After years of renting out your home, you’ve finally decided to take the initiative and buy your first home. An important step with which there are several tips for undertaking this adventure in the best conditions.
House with garage and garden – Credit: Pixabay
During our younger years, many of us logically chose to rent our accommodation. But whether we’ve tasted the joys of condominium or not, it’s time when we realized that building a real estate portfolio is the best way to invest and stop… throwing away our money.
Whether you are in this situation or not, and you decide to buy a property, you will undoubtedly find yourself facing the difficult decision of choosing a mortgage. Fortunately, we will give you all the information so that you can better understand how it works in order to choose the best one for you.
1. Decide how much money you can borrow
Before you even start dreaming by looking at real estate ads, the first step is to figure out how much you can borrow. The idea then is Calculate your borrowing capacity Taking into account several criteria, such as the interest rates offered by mortgages, the term of this credit, and the monthly payments required.
And you can imagine that the borrowing capacity will not be the same from person to person. It will vary depending on your age, income, amount of your personal contribution, loan term, or health status. To make your life easier, there are high-performance simulators online.
When you calculate your borrowing capacity, you can then start looking for your future home based on prices. Do not forget to take into account the cost of any work if you do not intend to buy a new one.
2. Find the bank that matches your project
You’ve spent months searching for real estate ad sites, visiting apartments or houses, but this time, that’s it, you’ve found your future home! Now, all you have to do is find a bank to lend you the money you need to buy, on the best terms. Once you sign the sales agreement with the seller, you generally have one to two months to find your financing.
You will then have to create your profile and contact different banks to compare their offers to you. If you don’t want to do it yourself, you can also get help from a broker. He will collect your file himself and take steps with the lending institutions in order to offer you a set of offers and advise you on the most interesting offers.
Also expect that the bank you choose for your loan will most likely require you to open a checking account with them.
3. Choose the best home loan
After the first meeting, you will have decided the criteria for your mortgage with the bank. After that, the bank will send you a loan offer based on previous discussions and your profile. Before signing on to this offer, you will have to refer to it carefully to compare its most important components.
interest rate, first of all, it is the thanks by which the lending organizations are compensated.
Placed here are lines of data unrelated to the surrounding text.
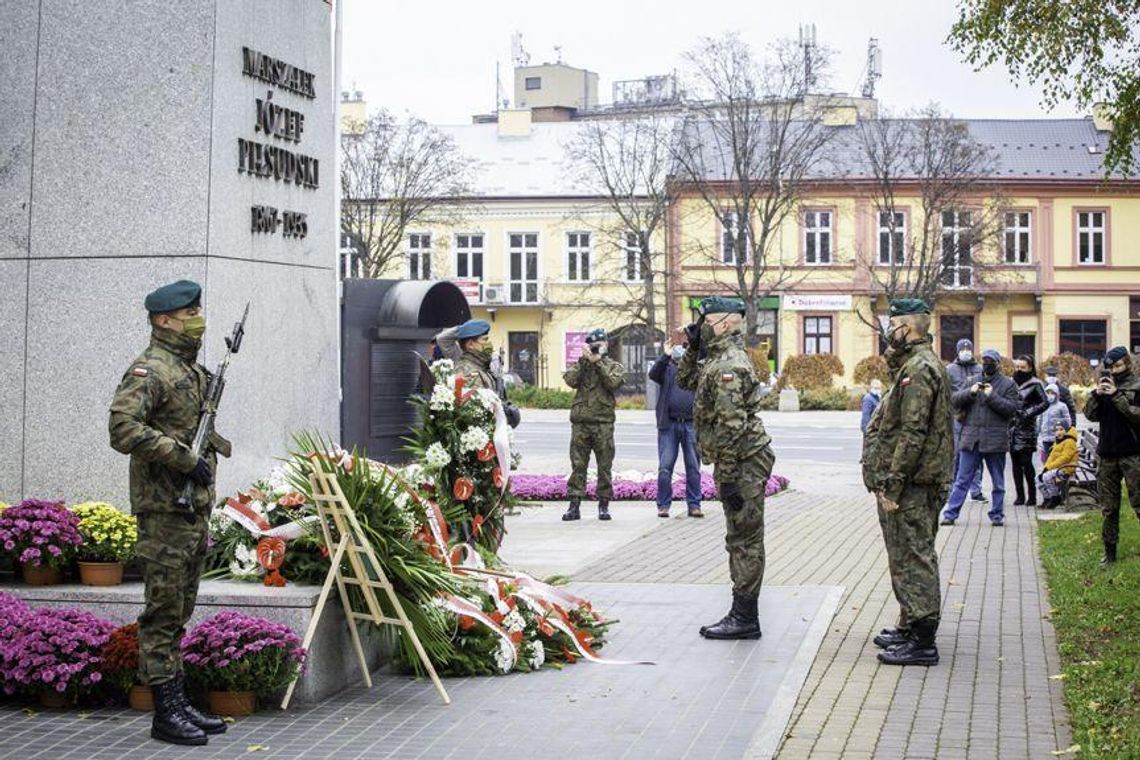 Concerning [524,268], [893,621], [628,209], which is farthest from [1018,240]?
[893,621]

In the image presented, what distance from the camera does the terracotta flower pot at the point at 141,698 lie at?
785 cm

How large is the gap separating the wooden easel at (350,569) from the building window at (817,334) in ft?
166

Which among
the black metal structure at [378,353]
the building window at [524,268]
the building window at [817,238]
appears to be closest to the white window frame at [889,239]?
the building window at [817,238]

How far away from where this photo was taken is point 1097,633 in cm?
996

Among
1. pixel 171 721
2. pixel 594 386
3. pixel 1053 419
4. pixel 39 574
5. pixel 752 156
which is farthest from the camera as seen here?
pixel 752 156

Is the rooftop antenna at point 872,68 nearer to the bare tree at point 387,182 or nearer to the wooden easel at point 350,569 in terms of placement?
the bare tree at point 387,182

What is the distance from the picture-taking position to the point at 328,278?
10961 mm

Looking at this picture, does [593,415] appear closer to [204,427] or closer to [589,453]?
[589,453]

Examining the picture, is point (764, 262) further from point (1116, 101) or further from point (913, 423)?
point (913, 423)

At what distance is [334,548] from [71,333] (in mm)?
2516

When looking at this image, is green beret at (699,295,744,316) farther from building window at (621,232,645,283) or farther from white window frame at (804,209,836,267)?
white window frame at (804,209,836,267)

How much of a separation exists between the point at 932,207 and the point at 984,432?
3782 centimetres

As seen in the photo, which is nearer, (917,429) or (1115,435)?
(917,429)

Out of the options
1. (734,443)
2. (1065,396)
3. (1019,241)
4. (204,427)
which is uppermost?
(1019,241)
It is directly related to Payment term, because the longer the term, the higher the amount of interest accordingly. Thus these two parameters are very important for comparing performances.
Amount of monthly payments It will also be a key element. Tell yourself that it corresponds to the amount you will pay each month for the life of the mortgage, and therefore should be as predictable as possible according to your expenses and future projects.
finally, loan insurance It is the last item you will need to compare. It is generally imposed by banks and represents between 0.04% and 0.65% of the loan amount. The lender generally offers insurance, but you also have the right to compare and choose another, more advantageous insurance.
Here you go, you now have all the cards on hand to find the mortgage that best suits your needs!